A former director of the 100 Elk Outdoor Education program with a masters in comparative and international education, and currently pursuing a PhD in sustainability education, Lovseth embodies the interdisciplinary liberal arts ideal that her department espouses.

“The program is based on the liberal arts model,” she explains. “It’s interdisciplinary—more than half of our Ed. Studies majors have an additional major or minor. That helps them be effortless in graduate school.”

Alongside world traveler Nikki Gamrath and international educator Stephanie Lovseth, Dr. Carol Burbee is a bit of both.

“I worked in education for a long time, but never fit well. I tended to focus on the whole child and struggled with the restraining aspects of traditional school culture,” Burbee explains. Enter Principia College. After years teaching at the British Columbia preschool which she founded and ran, Burbee had a “mid-career shift in thought” that altered her path and led her to Principia.

That path was anything but straight, however. After returning to graduate school to earn her advanced degrees, Burbee left to travel the world with her husband. They’d made it as far as Spain when the phone rang. “I was in an apartment in southern Spain when I did my job interview. I got the offer in Mallorca,” Burbee recalls. “I said to my husband, ‘I guess we’re not returning to Canada like we expected!’”

The educator who chafed within rigid school structures found a home at Principia College. “Principia has been exciting. It’s a total paradigm shift. The students are so bright—really good thinkers.”

Burbee is a passionate practitioner of “liberating education.” “If the ‘whole man’ is in front of me, I can expect excellent work. If you’re valuing the learning and the understanding and letting go of the developmental markers that say you’re behind or ahead, we can all just enjoy learning. That to me is the right source of education.”

“I have the utmost respect and praise for the Educational Studies department at Principia. it has prepared me for my career and benefited me so much.”
—Kendall Shoemake

The “Multiplier Effect”

Interdisciplinary, globally-minded, future-ready—the program is many things, but one thing it’s not: a cakewalk. Alumni like Kendall Shoemake, also pursuing a doctorate, concur: “I was so well prepared for graduate school, it barely seemed challenging. I was so far ahead!”

Leading a prestigious school while pursuing a doctorate may sound like a lot to handle, but for the multitalented, preeminently prepared products of Principia’s Ed. Studies program, it’s par for the course.

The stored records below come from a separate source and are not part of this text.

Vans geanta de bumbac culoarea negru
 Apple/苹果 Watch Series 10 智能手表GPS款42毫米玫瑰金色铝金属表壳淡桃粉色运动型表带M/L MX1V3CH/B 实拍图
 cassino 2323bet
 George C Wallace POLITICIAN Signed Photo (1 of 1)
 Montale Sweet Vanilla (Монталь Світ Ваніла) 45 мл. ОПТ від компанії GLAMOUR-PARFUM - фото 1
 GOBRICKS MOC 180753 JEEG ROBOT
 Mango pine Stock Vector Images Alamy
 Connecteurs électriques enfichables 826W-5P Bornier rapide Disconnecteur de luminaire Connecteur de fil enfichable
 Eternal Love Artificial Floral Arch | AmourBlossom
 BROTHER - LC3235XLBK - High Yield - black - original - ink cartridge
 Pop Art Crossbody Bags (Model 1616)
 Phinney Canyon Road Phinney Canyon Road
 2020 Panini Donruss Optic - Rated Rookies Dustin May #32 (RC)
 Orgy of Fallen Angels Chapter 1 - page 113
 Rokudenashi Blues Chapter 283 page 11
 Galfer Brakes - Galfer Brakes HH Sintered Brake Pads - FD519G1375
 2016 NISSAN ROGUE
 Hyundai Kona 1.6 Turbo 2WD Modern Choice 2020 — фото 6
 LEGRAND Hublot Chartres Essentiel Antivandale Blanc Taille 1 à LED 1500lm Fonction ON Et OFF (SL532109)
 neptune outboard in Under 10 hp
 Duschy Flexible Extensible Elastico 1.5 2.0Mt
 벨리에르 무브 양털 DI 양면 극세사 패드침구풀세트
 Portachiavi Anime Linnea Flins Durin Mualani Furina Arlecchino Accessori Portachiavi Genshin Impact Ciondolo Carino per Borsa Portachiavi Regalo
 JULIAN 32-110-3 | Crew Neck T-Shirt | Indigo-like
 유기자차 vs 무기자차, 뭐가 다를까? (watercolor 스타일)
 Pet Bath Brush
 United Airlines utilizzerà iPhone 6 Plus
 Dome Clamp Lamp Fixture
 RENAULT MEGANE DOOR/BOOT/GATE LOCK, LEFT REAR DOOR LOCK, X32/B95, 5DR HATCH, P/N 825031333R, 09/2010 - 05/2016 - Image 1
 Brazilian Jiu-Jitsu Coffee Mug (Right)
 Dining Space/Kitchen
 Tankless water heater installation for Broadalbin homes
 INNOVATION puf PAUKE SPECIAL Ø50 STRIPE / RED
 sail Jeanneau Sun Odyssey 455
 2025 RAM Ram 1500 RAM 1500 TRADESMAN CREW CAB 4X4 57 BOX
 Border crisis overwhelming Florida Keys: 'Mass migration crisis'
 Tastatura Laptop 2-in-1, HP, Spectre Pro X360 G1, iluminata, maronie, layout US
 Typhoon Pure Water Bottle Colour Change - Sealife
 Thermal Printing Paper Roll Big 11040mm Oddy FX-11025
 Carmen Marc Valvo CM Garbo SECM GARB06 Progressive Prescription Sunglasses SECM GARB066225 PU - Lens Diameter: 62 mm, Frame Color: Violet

“Principia gave me the skills to navigate my own narrative. Leadership strategies, gathering feedback, intentional reflection of how you show up as a team member and leader—being able to leverage those has been hugely helpful in my career. I have the utmost respect and praise for the Educational Studies department at Principia. It has prepared me for my career and benefited me so much.”

Summarizing the faculty’s approach to educating educators, Nikki Gamrath says, “I call it the multiplier effect—when I feel I’ve impacted an educator to go out and be a healer and transform the world, they are touching more lives in impactful ways.”